Black history represents an unrelenting fight for freedom, justice, and human rights; it is a fight that has never taken a back seat racial hate, bias, and exclusion. Black, in this article, is symbolic of skin color; black skin, dark brown, light brown, khaki or coffee.    

The writer of this article honors all black activists and the role they played in the destruction of white supremacy. Africans throughout the African Continent and the African Diaspora sacrificed and organized to garner rights for Black people throughout the world.

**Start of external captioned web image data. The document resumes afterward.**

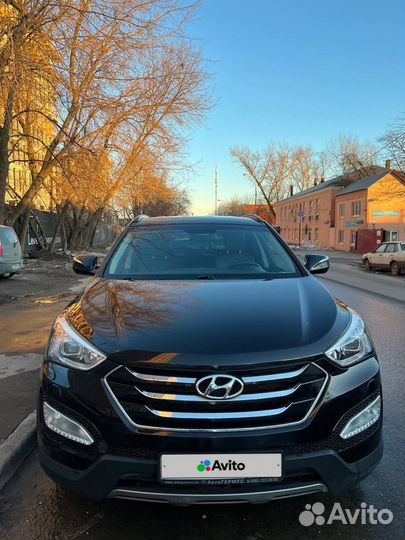 Hyundai Santa Fe 2.4 AT, 2014, 95 000 км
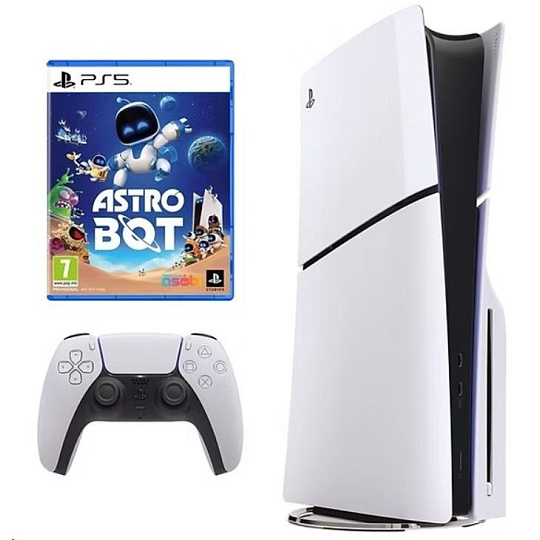 SONY Playstation 5 SLIM Disc 1TB + Astro Bot SONY Playstation 5 SLIM Disc 1TB + Astro Bot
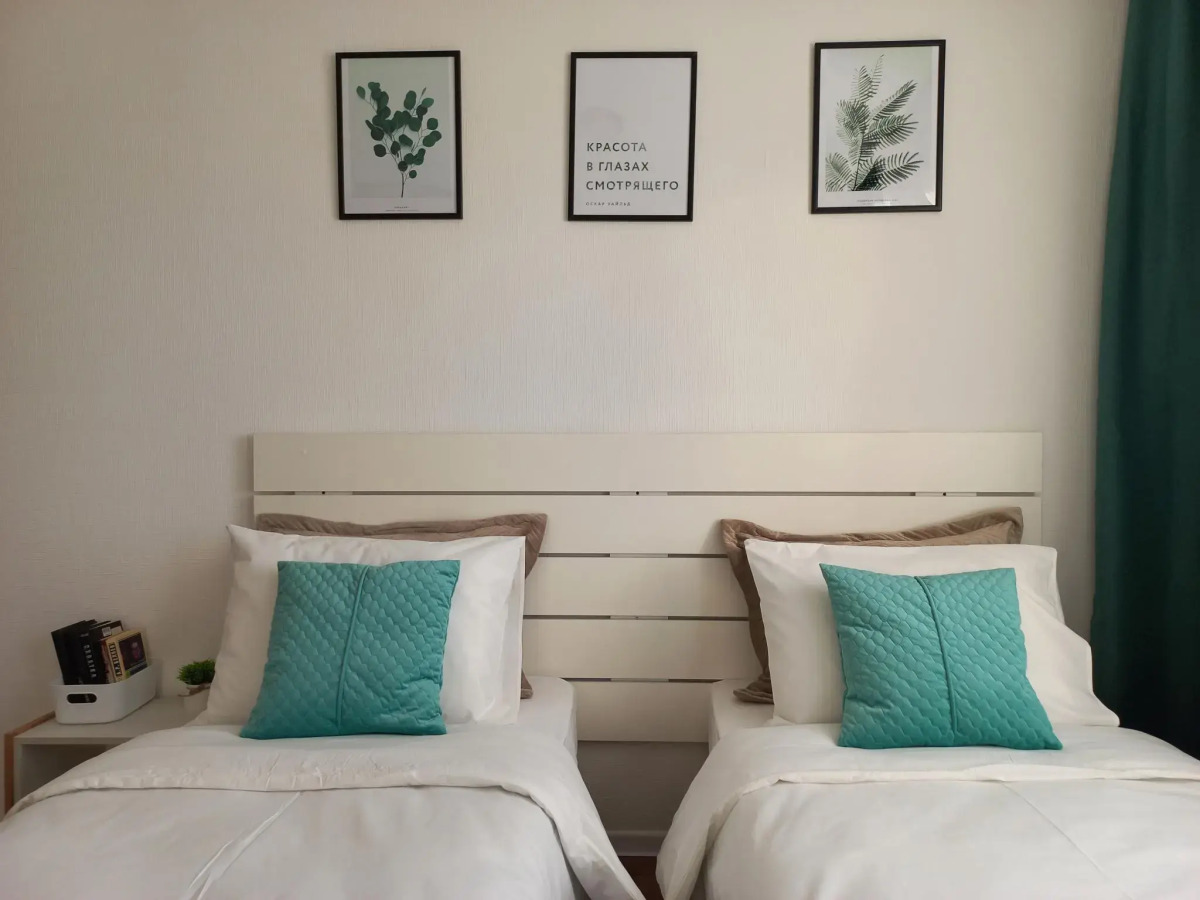 Апартаменты на улице Морской Пехоты 26 корпус 1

Most people in the world are peaceful, loving, kind, gentle, and generous. But when greed and the quest for power and control join together, it creates false narratives. Wonderful human beings, tragically are seen as naive, unsuspecting, defenseless; thus, easy targets for subjugation and exploitation.

The earth is stained with the blood of people needlessly killed by greed and the human desire to be rich and powerful. Even so, from one generation to the next people evolved in their disdain and revulsion of exploitative ideologies. Over and over the fight for human rights has been embraced by young people. They have sacrificed their lives and become ambassadors of freedom, justice, and change.

The history that Europeans would have Black people believe, says that Blacks were cursed; created inferior, and born to be submissive and subservient to an advanced race of White People. This was not true, and the history of the world bears witness to this falsehood.

White supremacy and its system of exploitation is an attack on our common humanity; it fosters hatred, violence, torture, murder; oppression, marginalization, and exploitation. White supremacy is responsible for mass graves all over the world; graves that were filled too soon.

Together, in solidarity and unity; black, white, brown, yellow, red, and white people; people from every nation, tribe, race, and culture must stand as one people. We must stand up for equality, liberty, justice, righteousness, and truth. We must stand in the Spirit of Forgiveness, Reconciliation, and Love.